= Data to examine =
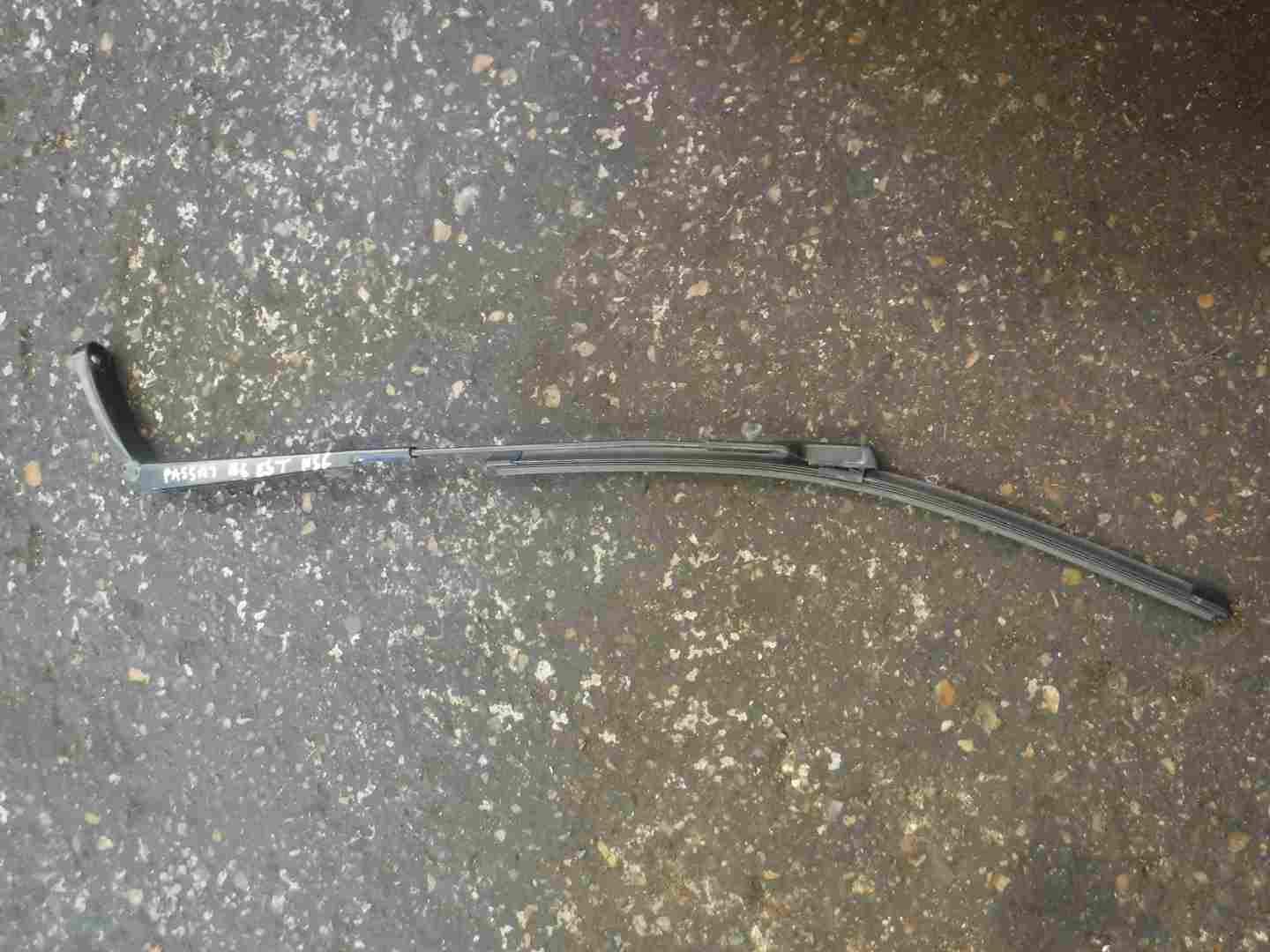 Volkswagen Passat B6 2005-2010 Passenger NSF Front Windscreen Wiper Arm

==

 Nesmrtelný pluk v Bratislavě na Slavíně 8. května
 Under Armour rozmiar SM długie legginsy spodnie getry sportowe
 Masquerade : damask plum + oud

...

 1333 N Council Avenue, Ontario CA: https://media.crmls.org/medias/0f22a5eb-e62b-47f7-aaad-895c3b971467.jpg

= Task brief =
With the line holding "Nesmrtelný pluk v" as the first and the line holding "Masquerade : damask plum + oud" as the last, please transcribe exactly the lines of the material above in that range and nothing else.

= Output of the exercise =
 Nesmrtelný pluk v Bratislavě na Slavíně 8. května
 Under Armour rozmiar SM długie legginsy spodnie getry sportowe
 Masquerade : damask plum + oud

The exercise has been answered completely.